____ Data extract

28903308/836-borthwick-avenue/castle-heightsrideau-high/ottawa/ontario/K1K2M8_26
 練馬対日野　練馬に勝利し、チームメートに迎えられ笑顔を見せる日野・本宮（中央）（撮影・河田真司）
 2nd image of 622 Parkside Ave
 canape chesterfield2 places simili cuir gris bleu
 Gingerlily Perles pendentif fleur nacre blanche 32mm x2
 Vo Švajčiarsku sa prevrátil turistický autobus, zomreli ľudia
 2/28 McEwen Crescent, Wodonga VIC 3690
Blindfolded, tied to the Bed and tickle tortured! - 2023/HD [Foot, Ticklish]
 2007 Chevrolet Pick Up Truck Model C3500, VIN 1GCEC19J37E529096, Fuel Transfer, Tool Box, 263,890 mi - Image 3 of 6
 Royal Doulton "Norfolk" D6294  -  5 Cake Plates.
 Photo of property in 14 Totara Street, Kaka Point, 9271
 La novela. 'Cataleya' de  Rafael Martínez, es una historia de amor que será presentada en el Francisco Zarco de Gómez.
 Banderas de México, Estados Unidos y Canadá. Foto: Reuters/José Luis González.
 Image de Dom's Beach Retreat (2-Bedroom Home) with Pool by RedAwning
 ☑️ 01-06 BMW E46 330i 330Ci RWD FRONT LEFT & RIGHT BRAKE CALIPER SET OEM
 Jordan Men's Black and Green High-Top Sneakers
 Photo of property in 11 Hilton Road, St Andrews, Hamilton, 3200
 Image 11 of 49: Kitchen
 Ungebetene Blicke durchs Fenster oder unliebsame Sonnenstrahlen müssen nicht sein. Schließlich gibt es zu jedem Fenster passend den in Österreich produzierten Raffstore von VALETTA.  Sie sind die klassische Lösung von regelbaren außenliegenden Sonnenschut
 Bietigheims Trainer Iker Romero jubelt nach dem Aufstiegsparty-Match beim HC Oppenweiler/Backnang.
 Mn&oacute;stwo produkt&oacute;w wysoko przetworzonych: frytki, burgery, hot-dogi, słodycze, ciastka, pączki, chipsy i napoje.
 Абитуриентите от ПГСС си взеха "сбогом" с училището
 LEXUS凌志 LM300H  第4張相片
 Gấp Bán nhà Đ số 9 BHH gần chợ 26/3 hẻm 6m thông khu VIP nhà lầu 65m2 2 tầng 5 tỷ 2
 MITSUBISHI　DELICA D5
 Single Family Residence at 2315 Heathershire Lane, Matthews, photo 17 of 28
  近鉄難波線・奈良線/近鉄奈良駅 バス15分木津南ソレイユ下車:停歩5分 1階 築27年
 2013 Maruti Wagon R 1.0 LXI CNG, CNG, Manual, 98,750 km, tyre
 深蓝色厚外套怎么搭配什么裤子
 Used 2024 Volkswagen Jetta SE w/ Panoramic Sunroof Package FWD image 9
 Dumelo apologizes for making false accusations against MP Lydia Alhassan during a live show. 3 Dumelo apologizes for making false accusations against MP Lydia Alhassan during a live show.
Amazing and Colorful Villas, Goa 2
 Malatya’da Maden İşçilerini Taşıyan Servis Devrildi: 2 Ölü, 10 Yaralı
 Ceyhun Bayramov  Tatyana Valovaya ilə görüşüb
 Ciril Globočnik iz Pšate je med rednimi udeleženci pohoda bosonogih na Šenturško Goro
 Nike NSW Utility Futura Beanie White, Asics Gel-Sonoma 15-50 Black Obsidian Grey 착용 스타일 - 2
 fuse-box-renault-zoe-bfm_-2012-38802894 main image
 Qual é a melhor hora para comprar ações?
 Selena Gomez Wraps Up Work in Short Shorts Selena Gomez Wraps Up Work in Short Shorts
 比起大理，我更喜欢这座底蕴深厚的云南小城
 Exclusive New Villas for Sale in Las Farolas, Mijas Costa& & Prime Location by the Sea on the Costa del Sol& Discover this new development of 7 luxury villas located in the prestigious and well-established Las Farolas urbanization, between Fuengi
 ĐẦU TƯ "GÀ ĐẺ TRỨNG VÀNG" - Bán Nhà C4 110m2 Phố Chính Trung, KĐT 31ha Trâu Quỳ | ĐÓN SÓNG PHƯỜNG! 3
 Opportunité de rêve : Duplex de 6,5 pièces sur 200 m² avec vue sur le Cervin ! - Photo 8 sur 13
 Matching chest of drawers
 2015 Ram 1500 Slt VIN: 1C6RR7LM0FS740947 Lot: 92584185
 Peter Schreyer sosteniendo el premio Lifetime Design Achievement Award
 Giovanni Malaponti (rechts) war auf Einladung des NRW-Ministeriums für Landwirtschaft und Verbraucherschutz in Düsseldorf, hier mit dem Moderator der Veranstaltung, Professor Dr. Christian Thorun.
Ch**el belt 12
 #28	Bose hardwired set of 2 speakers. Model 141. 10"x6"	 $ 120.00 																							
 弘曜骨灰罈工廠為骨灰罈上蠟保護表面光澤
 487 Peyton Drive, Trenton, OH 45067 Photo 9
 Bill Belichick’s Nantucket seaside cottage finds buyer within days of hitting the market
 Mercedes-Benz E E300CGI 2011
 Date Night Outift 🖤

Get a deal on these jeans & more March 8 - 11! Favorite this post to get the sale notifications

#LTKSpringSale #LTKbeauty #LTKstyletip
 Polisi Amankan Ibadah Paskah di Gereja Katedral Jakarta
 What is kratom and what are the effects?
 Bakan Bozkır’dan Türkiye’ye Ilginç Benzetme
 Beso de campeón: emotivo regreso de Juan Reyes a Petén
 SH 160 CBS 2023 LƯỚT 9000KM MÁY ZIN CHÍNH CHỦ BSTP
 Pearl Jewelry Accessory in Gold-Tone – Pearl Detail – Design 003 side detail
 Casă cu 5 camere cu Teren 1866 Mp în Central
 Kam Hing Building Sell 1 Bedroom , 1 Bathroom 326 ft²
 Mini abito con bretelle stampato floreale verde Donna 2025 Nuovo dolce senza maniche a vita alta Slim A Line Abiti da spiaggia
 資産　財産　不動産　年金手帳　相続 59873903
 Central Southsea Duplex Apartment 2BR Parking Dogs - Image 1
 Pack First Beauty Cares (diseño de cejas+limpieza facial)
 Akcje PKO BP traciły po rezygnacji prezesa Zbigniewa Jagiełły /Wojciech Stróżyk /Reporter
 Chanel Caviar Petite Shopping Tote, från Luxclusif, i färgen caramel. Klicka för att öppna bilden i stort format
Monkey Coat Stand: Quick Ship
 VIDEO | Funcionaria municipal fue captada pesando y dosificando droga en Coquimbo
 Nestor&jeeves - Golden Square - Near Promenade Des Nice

________

Exercise goal » This exercise calls for the lines from the one holding "Bill Belichick’s Nantucket" through the end of the entries, transcribed exactly and with nothing more.

Answer to the exercise »
 Bill Belichick’s Nantucket seaside cottage finds buyer within days of hitting the market
 Mercedes-Benz E E300CGI 2011
 Date Night Outift 🖤

Get a deal on these jeans & more March 8 - 11! Favorite this post to get the sale notifications

#LTKSpringSale #LTKbeauty #LTKstyletip
 Polisi Amankan Ibadah Paskah di Gereja Katedral Jakarta
 What is kratom and what are the effects?
 Bakan Bozkır’dan Türkiye’ye Ilginç Benzetme
 Beso de campeón: emotivo regreso de Juan Reyes a Petén
 SH 160 CBS 2023 LƯỚT 9000KM MÁY ZIN CHÍNH CHỦ BSTP
 Pearl Jewelry Accessory in Gold-Tone – Pearl Detail – Design 003 side detail
 Casă cu 5 camere cu Teren 1866 Mp în Central
 Kam Hing Building Sell 1 Bedroom , 1 Bathroom 326 ft²
 Mini abito con bretelle stampato floreale verde Donna 2025 Nuovo dolce senza maniche a vita alta Slim A Line Abiti da spiaggia
 資産　財産　不動産　年金手帳　相続 59873903
 Central Southsea Duplex Apartment 2BR Parking Dogs - Image 1
 Pack First Beauty Cares (diseño de cejas+limpieza facial)
 Akcje PKO BP traciły po rezygnacji prezesa Zbigniewa Jagiełły /Wojciech Stróżyk /Reporter
 Chanel Caviar Petite Shopping Tote, från Luxclusif, i färgen caramel. Klicka för att öppna bilden i stort format
Monkey Coat Stand: Quick Ship
 VIDEO | Funcionaria municipal fue captada pesando y dosificando droga en Coquimbo
 Nestor&jeeves - Golden Square - Near Promenade Des Nice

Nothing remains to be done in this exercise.